Ministers like statistics which show the other lot in a bad light and themselves basking in glory.

But often the numbers have an irritating habit of not adding up that way.

On Friday, the Immigration Minister Damian Green received a letter from the official statistics watchdog, external following a speech in which he claimed that "after years of net migration increasing relentlessly, the figures stabilised in the last quarter of 2010".

The subtext was obvious: when Labour was in power, migration was out of control. As soon as we took over, things started to improve.

The Chair of the UK Statistics Authority (UKSA), Sir Michael Scholar, wrote to say that he saw the trend rather differently.

"Our own analysis suggests that whilst there was undoubtedly a marked increase in net migration between 1991 and 2004, the evidence is mixed as to any further increase since then."

This is the graph to which Sir Michael is referring, information published by the ONS in August this year.

Image source, Other

It is, as Sir Michael makes clear, a "volatile" series of data, but for a politician trying to make a partisan point about immigration policy it is pretty unhelpful.

My reading of the graph is that there have been periods of increase and stabilisation in net migration across 20 years in which Britain has been governed by Conservative, Labour and coalition governments.

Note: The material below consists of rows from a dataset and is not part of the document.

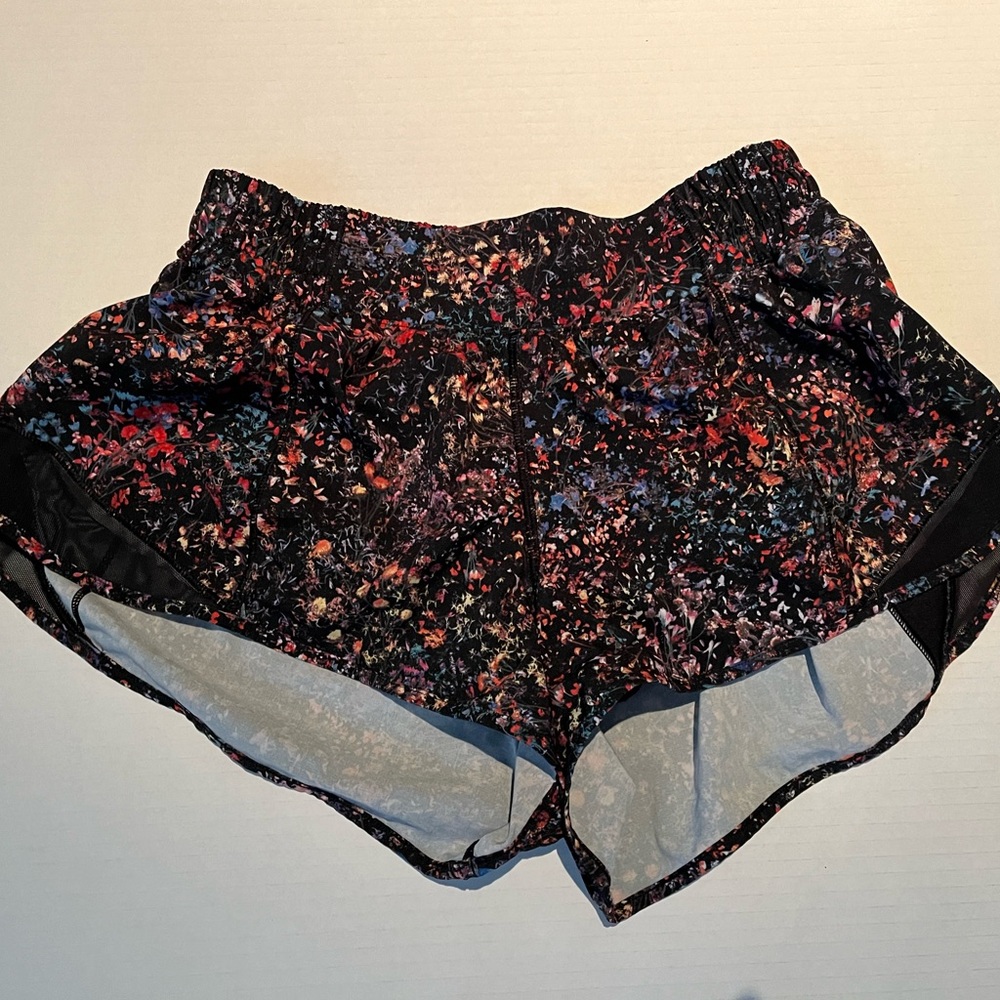 Hotty Hot Low-Rise Lined Short 2.5"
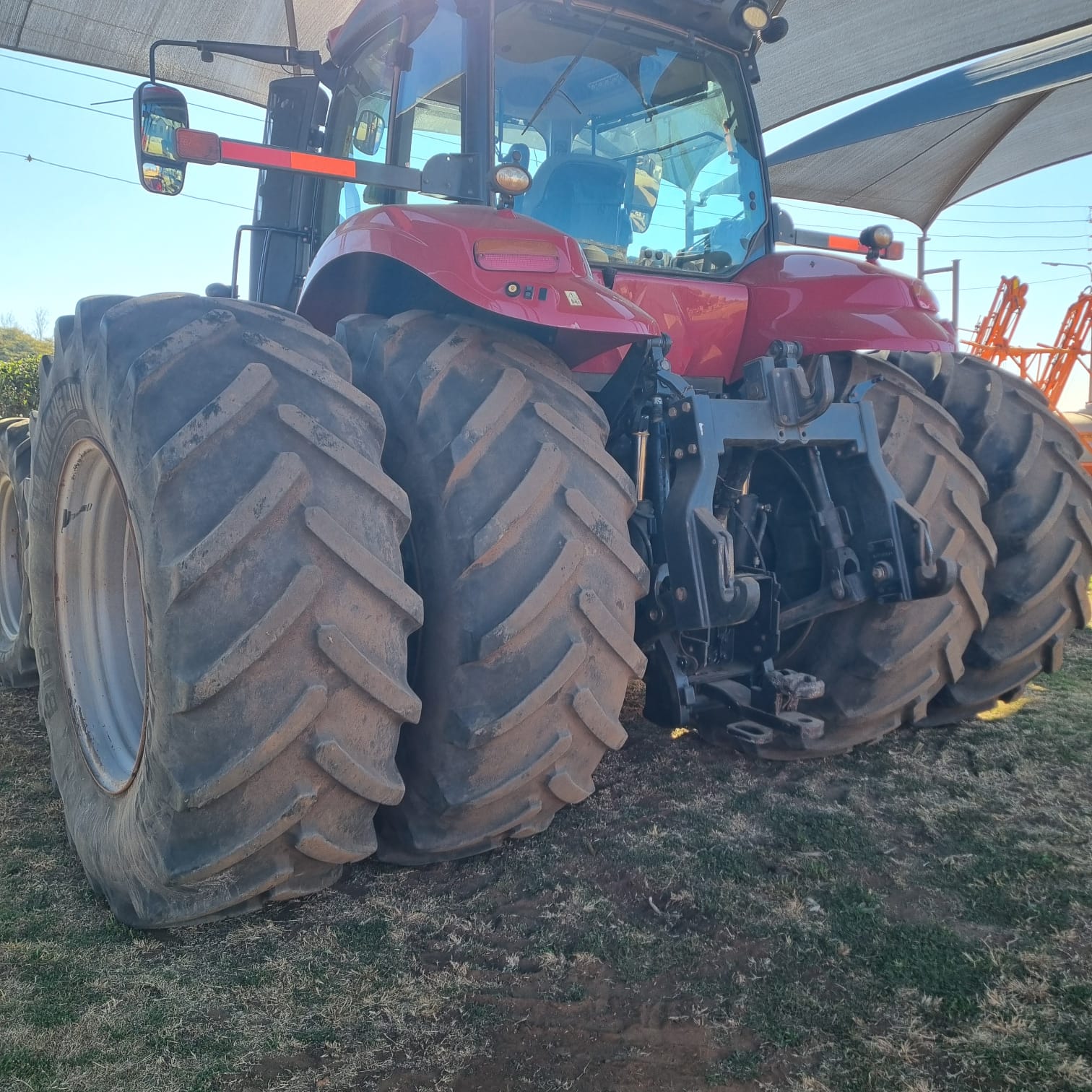 Case iH Magnum 310 4WD Cab Trekker / Tractor - Image 3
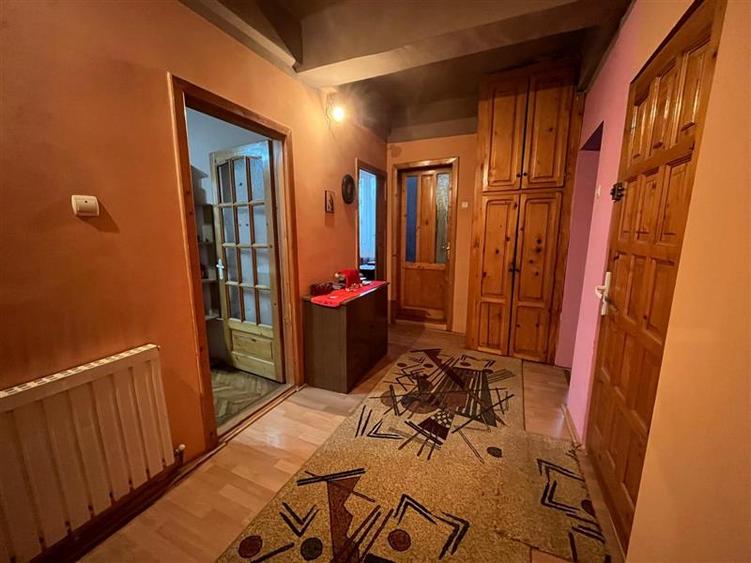 Apartament cu 2 camere decomandat, mobilat în Periferie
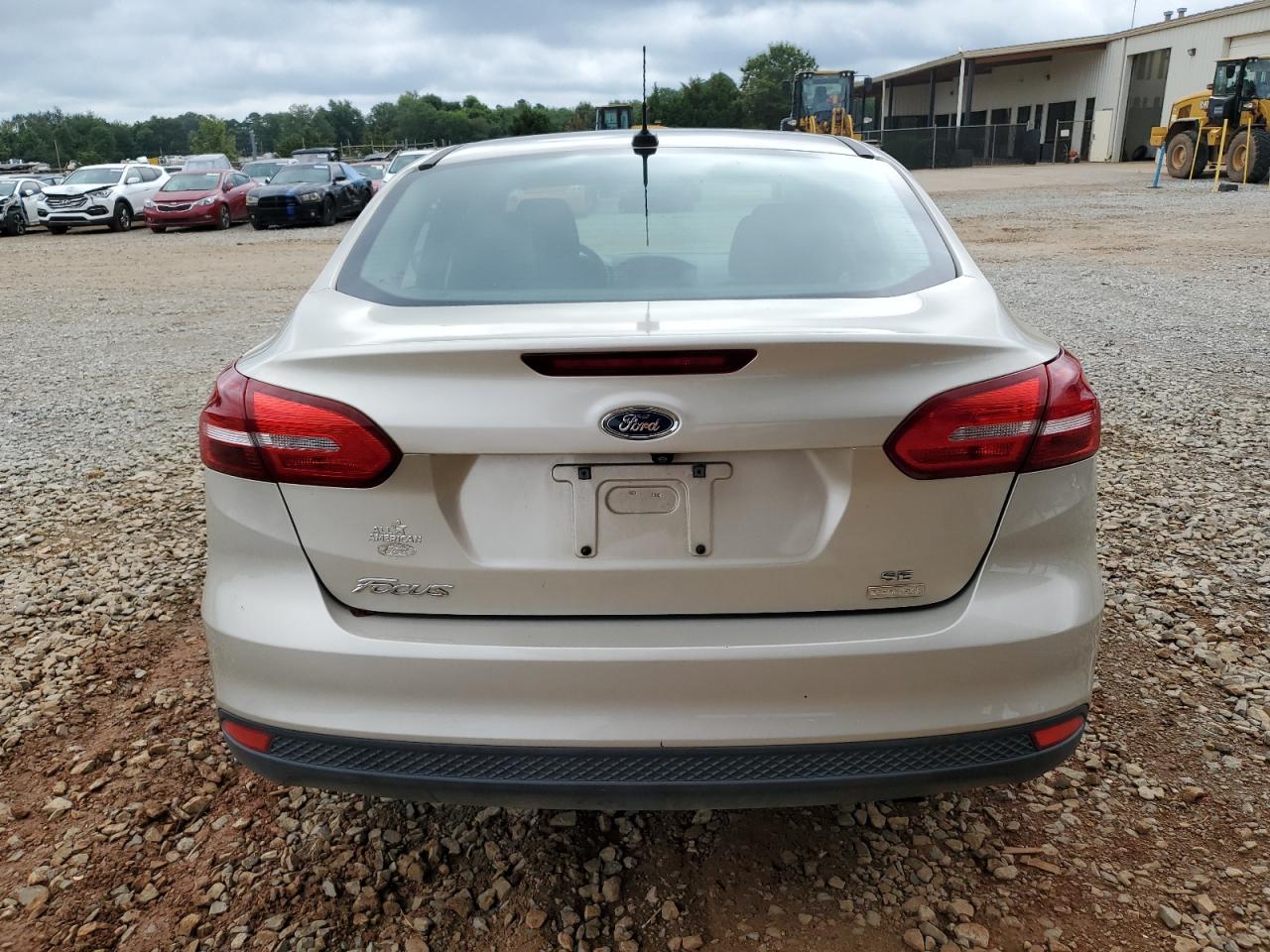 2017 Ford Focus Se VIN: 1FADP3FE3HL281812 Lot: 62783295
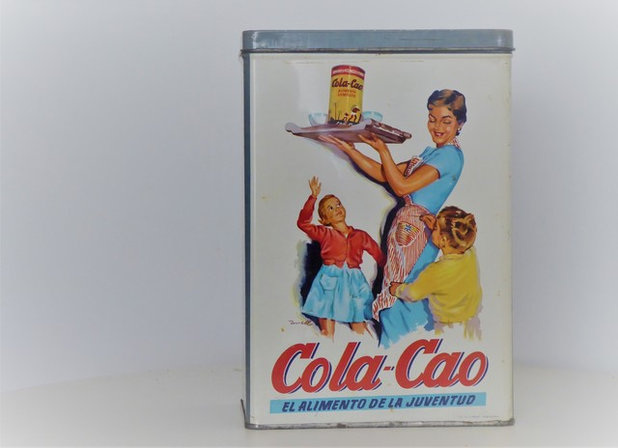 Dos clásicos del diseño de packaging español: Cola Cao y Puig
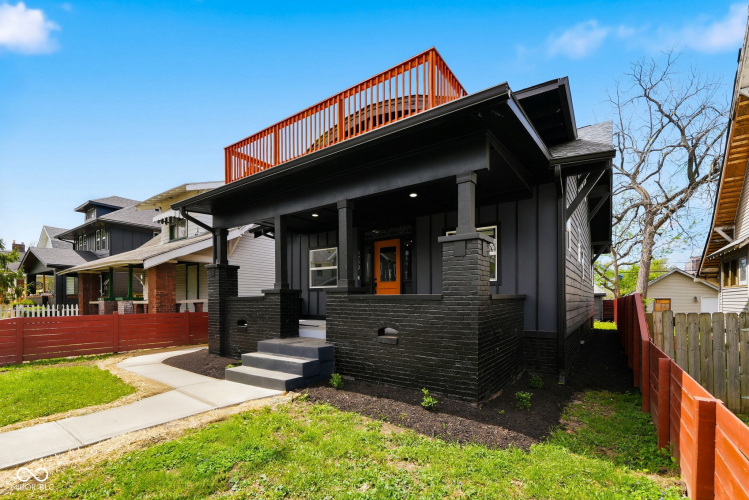 Listing Image 3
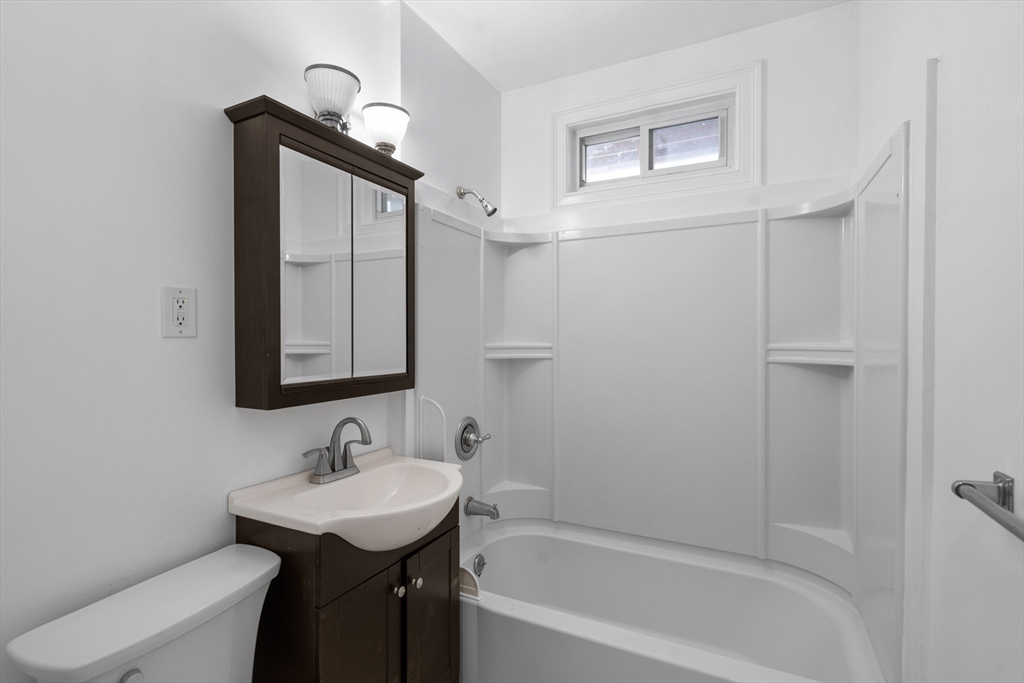 97 Welles Ave # 3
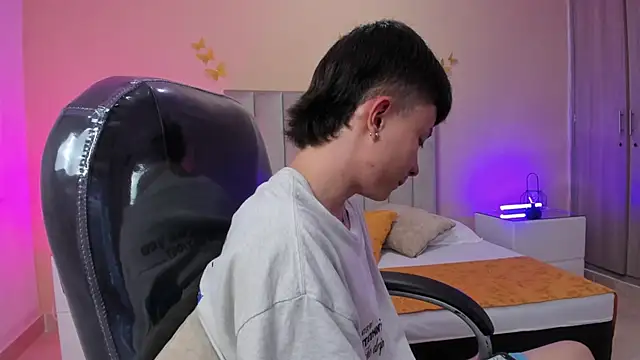 Nascary_Fox live sex cam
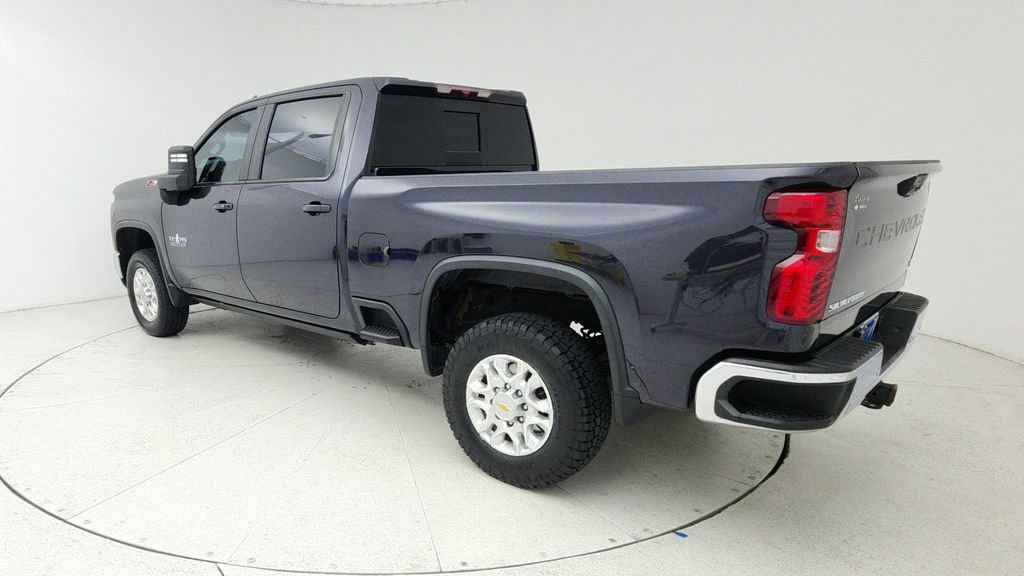 Used 2024 Chevrolet Silverado 2500 LT w/ Texas Edition AWD/4WD image 5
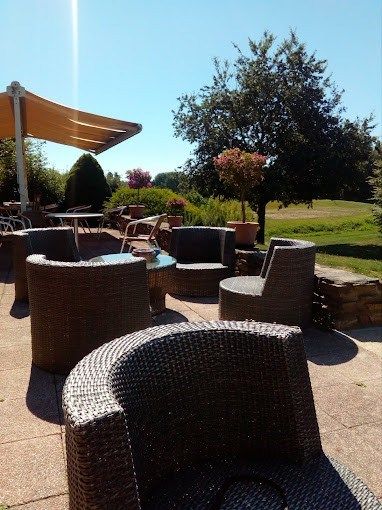 propriété 92 Pièces en vente sur ANGERS (49000)
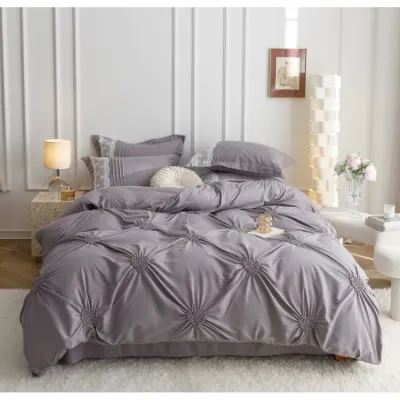 Lenjerie de Pat Premium, JOJO HOME, Finet Soft Touch, cu Inimioare din Pliuri Brodate, si Dantela Delicata, 6 Piese, Nesifonabila si Durabila, Gri deschis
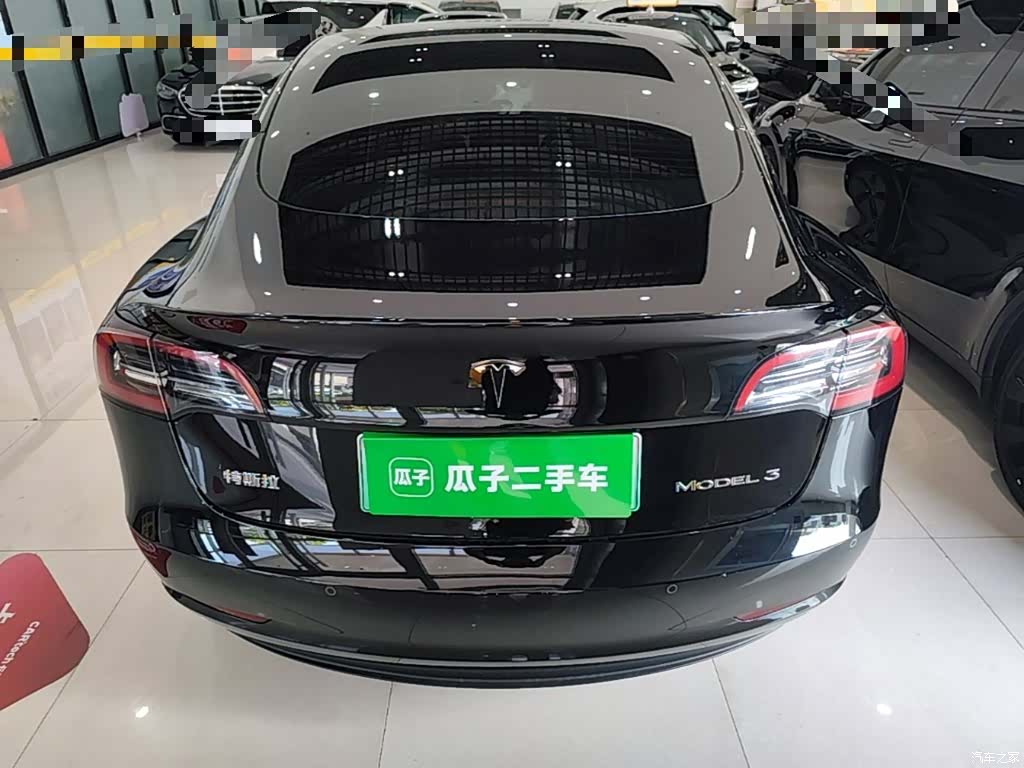 Tesla Model 3, 2023 6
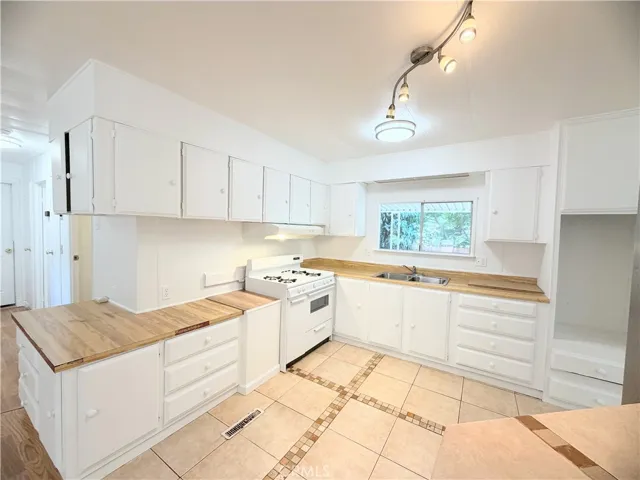 Large kitchen with plenty of counter space!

The trend has been broadly upwards but, as the UKSA puts it, we now seem to be in "a period in which the figures have varied around 200,000 a year".

Figures for net migration are notoriously difficult to pin down because measuring both inflow and outflow are based on inexact data which means there is far greater room for interpretation, of course.

Image source, PA

The UKSA was prompted to investigate Mr Green's analysis of the official statistics by Matt Cavanagh of the left-leaning think tank Institute for Public Policy Research (IPPR). As a former No 10 staffer, Mr Cavanagh has a bit of form himself when it comes to the misleading statistics (remember this blog on knife crime?).

The original speech and the subsequent letter, then, must be seen partly in terms of political point scoring. As the UKSA say to Mr Cavanagh in a separate note, "the liberal selection and interpretation of statistics in speeches and political statements is something we have to accept".

The official does not think Mr Green's comments were substantially misleading but does describe the claim that net migration rose relentlessly until 2010 as "problematic".

"In this particular case," he writes, "we have concluded that whilst we would describe the trend in net migration rather differently from the Minister, there is room for different interpretations."

Not a hanging offence, then, but the affair is a reminder of how numbers can be used to shape a questionable political narrative, and how the existence of the UKSA means Ministers must now think twice before doing what once came naturally.

As Winston Churchill told a Parliamentary aide: "When I call for statistics about the rate of infant mortality, what I want is proof that fewer babies died when I was prime minister than when anyone else was prime minister. That is a political statistic."